Leaving out every picture, transcribe the lines from the line that contains "We hope you" to the end of the entries below, both ends included.

-- Entries shown --
▼

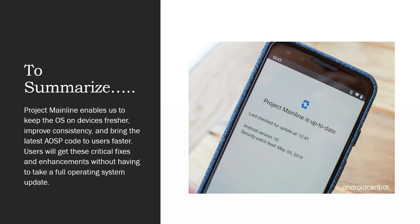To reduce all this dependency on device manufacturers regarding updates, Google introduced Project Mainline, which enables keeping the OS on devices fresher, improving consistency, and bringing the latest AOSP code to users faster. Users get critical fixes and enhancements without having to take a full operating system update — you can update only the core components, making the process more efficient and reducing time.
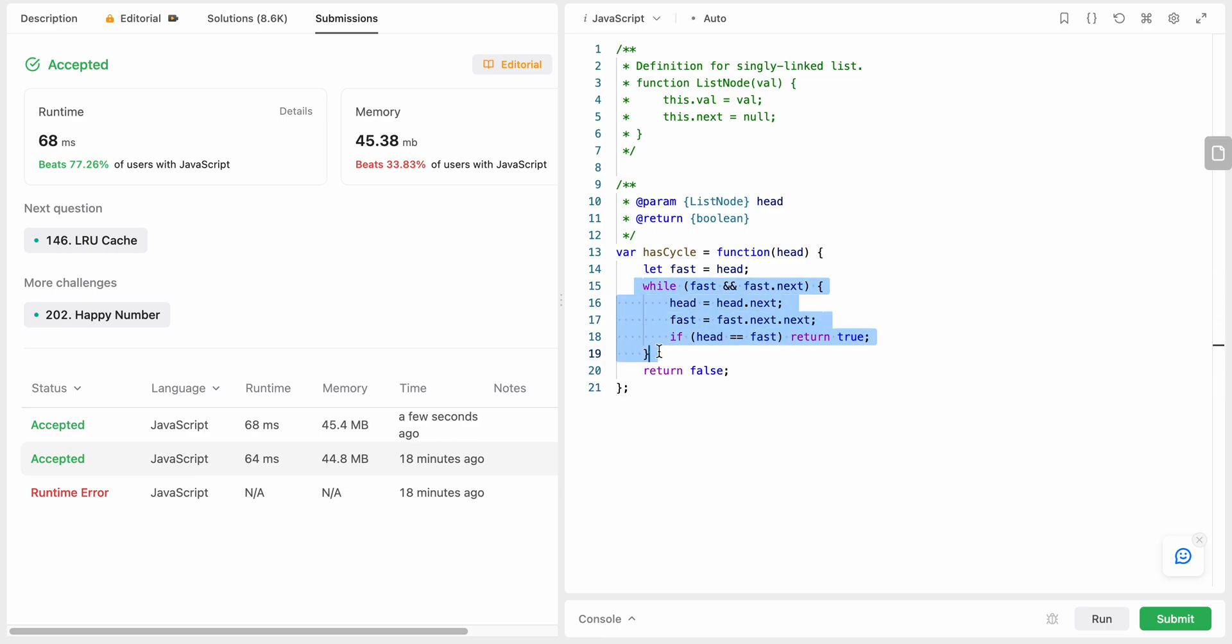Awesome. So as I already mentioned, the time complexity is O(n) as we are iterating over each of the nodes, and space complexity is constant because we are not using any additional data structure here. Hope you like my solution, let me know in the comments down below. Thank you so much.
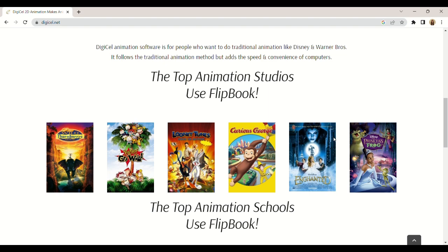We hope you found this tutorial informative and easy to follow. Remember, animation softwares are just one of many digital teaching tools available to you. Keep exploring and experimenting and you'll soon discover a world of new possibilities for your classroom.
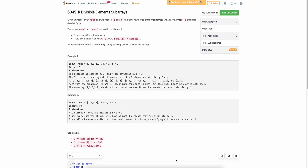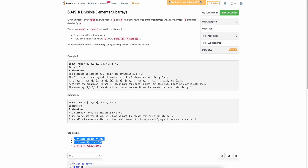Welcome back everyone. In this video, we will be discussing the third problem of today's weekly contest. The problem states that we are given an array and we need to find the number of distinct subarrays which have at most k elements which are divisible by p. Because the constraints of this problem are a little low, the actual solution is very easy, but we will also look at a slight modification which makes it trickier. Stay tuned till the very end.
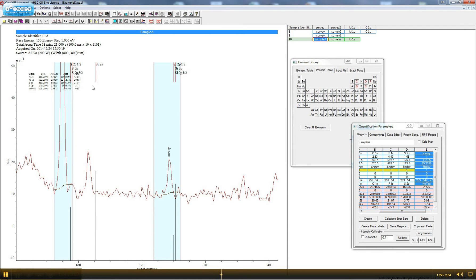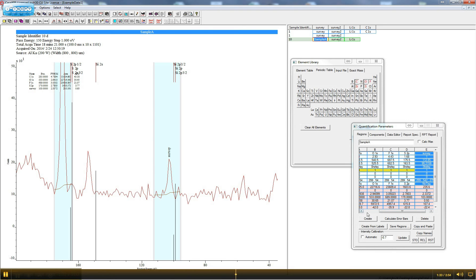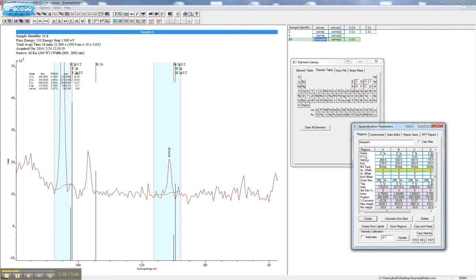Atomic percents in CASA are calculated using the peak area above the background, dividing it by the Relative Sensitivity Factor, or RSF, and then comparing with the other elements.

▲

-- Exercise result --
We hope you found this tutorial informative and easy to follow. Remember, animation softwares are just one of many digital teaching tools available to you. Keep exploring and experimenting and you'll soon discover a world of new possibilities for your classroom.
Welcome back everyone. In this video, we will be discussing the third problem of today's weekly contest. The problem states that we are given an array and we need to find the number of distinct subarrays which have at most k elements which are divisible by p. Because the constraints of this problem are a little low, the actual solution is very easy, but we will also look at a slight modification which makes it trickier. Stay tuned till the very end.
Atomic percents in CASA are calculated using the peak area above the background, dividing it by the Relative Sensitivity Factor, or RSF, and then comparing with the other elements.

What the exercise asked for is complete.